Steroid treatment is the first therapeutic option in IgG4-RD [17], but all reported isolated gastric IgG4-RD cases were surgically resected, presumably because they are rare and difficult to diagnose without pathologic examination of a resected specimen. Unnecessary surgery might be avoided if the possibility of IgG4-RD is kept in mind and careful pathologic evaluation including IgG4 immunostaining is performed on a deep biopsy obtained using endoscopic ultrasonography.


Conflicts of Interest

No potential conflict of interest relevant to this article was reported.

Fig. 1.
Endoscopic and abdominal computed tomography scan images. (A) Localized smooth elevation of the gastric mucosa without mucosal fold abnormality. (B) A well-defined, solid, enhancing mass measuring 3.6 × 2.2 cm at the posterior wall of the stomach midbody (arrow).
Fig. 2.
Gross and microscopic appearance of the resected specimen. (A) An ill-defined, yellowish grey mass involves the full thickness of the gastric wall except the mucosa. (B) The mass is not encapsulated and is filled with fibrotic tissue and multiple lymphoid follicles. (C) Storiform fibrosis is observed between lymphoid follicles. (D) Numerous plasma cells and many eosinophils are noted in the fibrotic stroma. (E) Obliterative phlebitis is demonstrated in elastic staining (arrow).
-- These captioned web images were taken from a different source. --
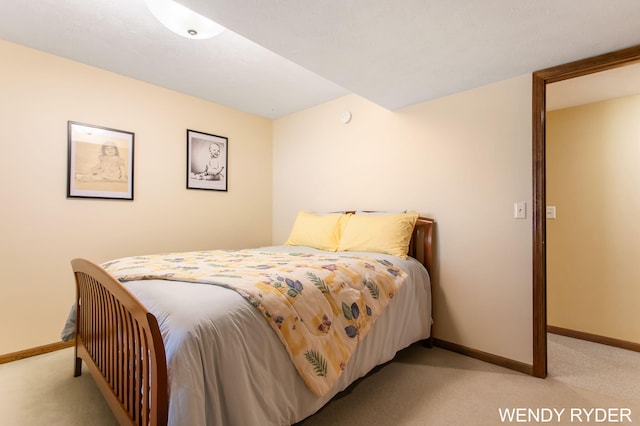 bedroom featuring baseboards and light colored carpet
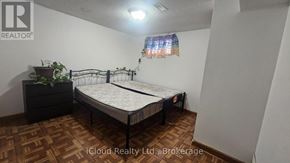 Toronto (Wexford-Maryvale) apartment for rent - A bedroom with a bed, dresser, and plant.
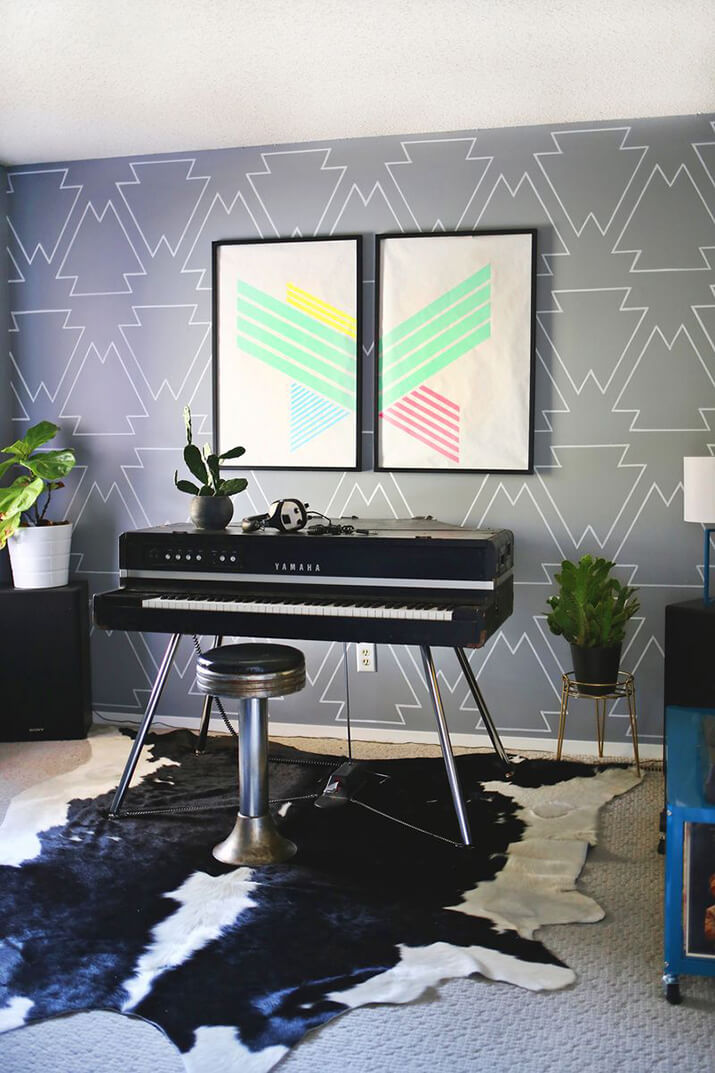 Music room with hand-drawn pattern on wall with paint pen.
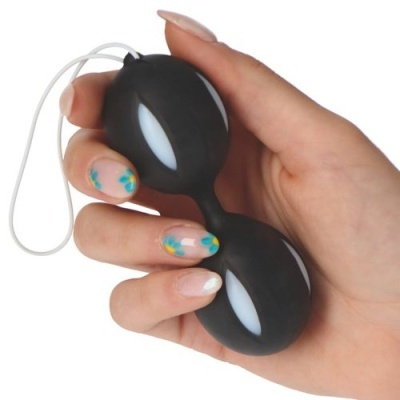 Dispositivo preto em forma de ovos duplos com detalhes brancos, segurado por mão com unhas pintadas com flores azuis e amarelas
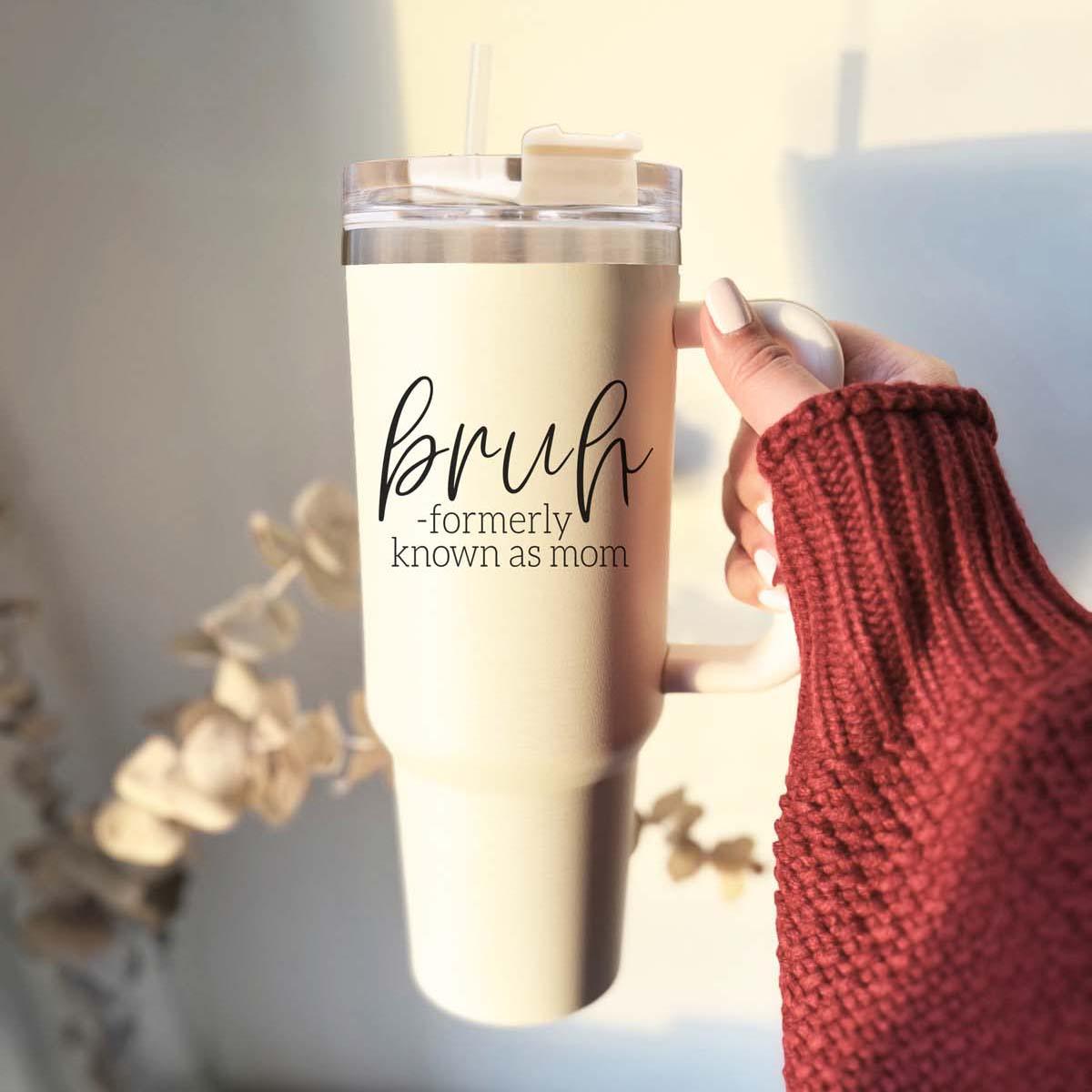 Bruh 40oz tumbler with cream exterior and black graphic design, featuring a handle and a versatile 3-in-1 lid.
Note the residual elastic fiber of the obliterated vein (Van Gieson). (F) Numerous IgG4-positive cells are noted in the sclerotic area.
Table 1.
Clinicopathologic features of the cases of probable IgG4-related disease in the stomach
Reference Sex/Age (yr) Endoscopic finding Sites Invovement Serum IgG4 Procedure Associated condition
Baez et al. [10] M/58 Nodule, 1.4 cm Fundus and body Mucosa Normal Steroid AIP, IgG4-related sialadenitis
Kaji et al. [11] M/74 Mutiple polyps with erosion and redness Body Mucosa Increased NA AIP
Chetty et al. [12] F/45 Nodule, 1.5 cm Fundus Submucosa Normal WR Raynaud’s disease
Chetty et al. [12] M/60 Multiple nodules, up to 2.2 cm Antrum Proper muscle to submucosa NA DG Autoimmune polyendocrinopathy
Rollins et al. [13] F/75 Polypoid lesion, 5.6 cm Body Submucosa NA WR None
Na et al. [9] M/56 Nodule, 0.8 cm Low body Submucosa NA ESD Type 2 diabetes mellitus
Kim et al. [14] F/59 Mass, 3.3 cm Midbody Proper muscle Normal WR None
Kim et al. [14] F/54 Mass, 2.1 cm NA Proper muscle to submucosa Normal WR None
Present case F/48 Mass, 3.6 cm Midbody Submucosa to subserosa NA WR None

M, male; AIP, autoimmune pancreatitis; NA, not available; F, female; WR, wedge resection; DG, distal gastrectomy; ESD, endoscopic submucosal dissection.